RECORDED DATA START

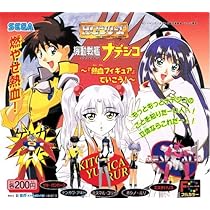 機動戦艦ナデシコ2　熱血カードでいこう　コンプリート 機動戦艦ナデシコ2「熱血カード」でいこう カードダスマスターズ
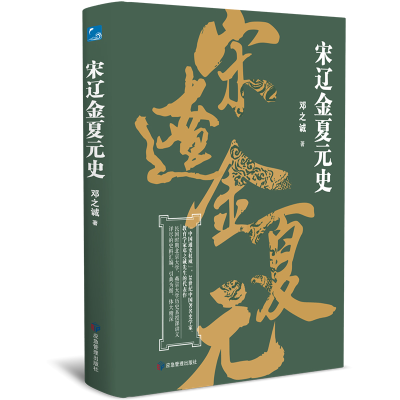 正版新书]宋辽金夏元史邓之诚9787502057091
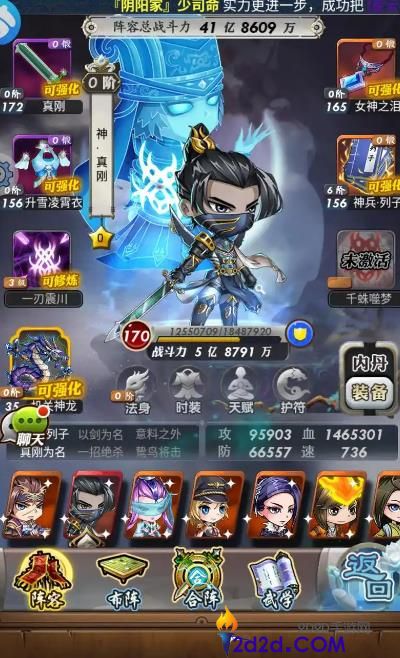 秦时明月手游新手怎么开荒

RECORDED DATA END
RECORDED DATA START

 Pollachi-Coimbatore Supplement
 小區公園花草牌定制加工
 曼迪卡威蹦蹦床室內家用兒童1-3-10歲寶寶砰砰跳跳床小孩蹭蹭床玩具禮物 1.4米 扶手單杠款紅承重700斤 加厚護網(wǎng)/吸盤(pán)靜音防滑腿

RECORDED DATA END

- _WHAT TO WORK ON_:
Output, from the data above, the lines from the line with "Pollachi-Coimbatore Supplement" to the line with "曼迪卡威蹦蹦床室內家用兒童1-3-10歲寶寶砰砰跳跳床小孩蹭蹭床玩具禮物 1.4米 扶手單杠款紅承重700斤" exactly as they stand, both ends included and nothing else.

- _REPLY_:
 Pollachi-Coimbatore Supplement
 小區公園花草牌定制加工
 曼迪卡威蹦蹦床室內家用兒童1-3-10歲寶寶砰砰跳跳床小孩蹭蹭床玩具禮物 1.4米 扶手單杠款紅承重700斤 加厚護網(wǎng)/吸盤(pán)靜音防滑腿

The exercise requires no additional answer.